Wednesday, March 31, 2010

And I shall call it "Foreign Key Cascade Delete"

I know it sounds kind of stupid trying to implement cascade delete in T-SQL, when all you have to do is to activate the "cascade delete" option on each foreign key within the association graph. Similarly stupid as implementing referential integrity by hand.

But imagine a case where you generally don't want cascade delete in normal production mode (because no user should be able to delete a parent row which has any child rows still referencing it). And unfortunately there are those rare occasions, when just for the moment, for one single parent row, cascade delete would make sense again, because you really have to get rid of it, only exceptionally.

Of course one could simply activate cascade deletes for this single transaction. But I don't like to change database schemas in production.

The guys at sqlteam.com came up with a different solution: A stored procedure, invoked recursively, traversing over all foreign key relations and deleting child rows bottom-up.

Sounded nice, but did not work in our case. The approach was based on nested subqueries, and from about 8 nested queries on, SqlServer refused to even calculate a query execution plan (I do have sympathy for SqlServer here, I wouldn't enjoy building an execution plan on queries like this either. And even with a plan, the performance would most likely be extremely poor). Plus the script could not handle foreign key relation cycles (I mean cycles on a table-basis, not on a row-basis; the latter can't be solved anyway), a fact that caused a stored procedure "stack overflow" (the limit is 32 recursive calls) on our database.

I then started to adapt the sqlteam.com script in order to make it work, and was about halfway done, when I noticed that commentator GreySky had already provided a solution which was following the same approach I had planned for.
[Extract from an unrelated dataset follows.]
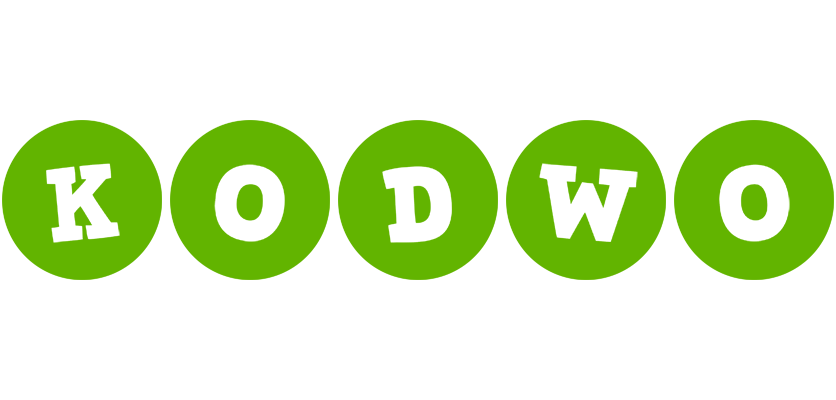 Kodwo games logo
He solved the execution plan / performance issue by storing parent primary key values in a temptable, together with information about the current call level, so that the delete criteria would be ONE simple IN-subselect instead of many nested subselects.

So GreySky's script worked fine, with the exception that it still did not handle cycles in foreign key relations. But at this point, with a temptable holding all parent primary keys at hand, this was a simple task. I only had to add an extra column storing the table name that the primary keys belonged to. Thus it was possible to extend the statement's where-criteria to "visit" only those child rows, that had not been marked for deletion before. (Nearly) like Dijkstra's algorithm, you know ;-) Works like a charm!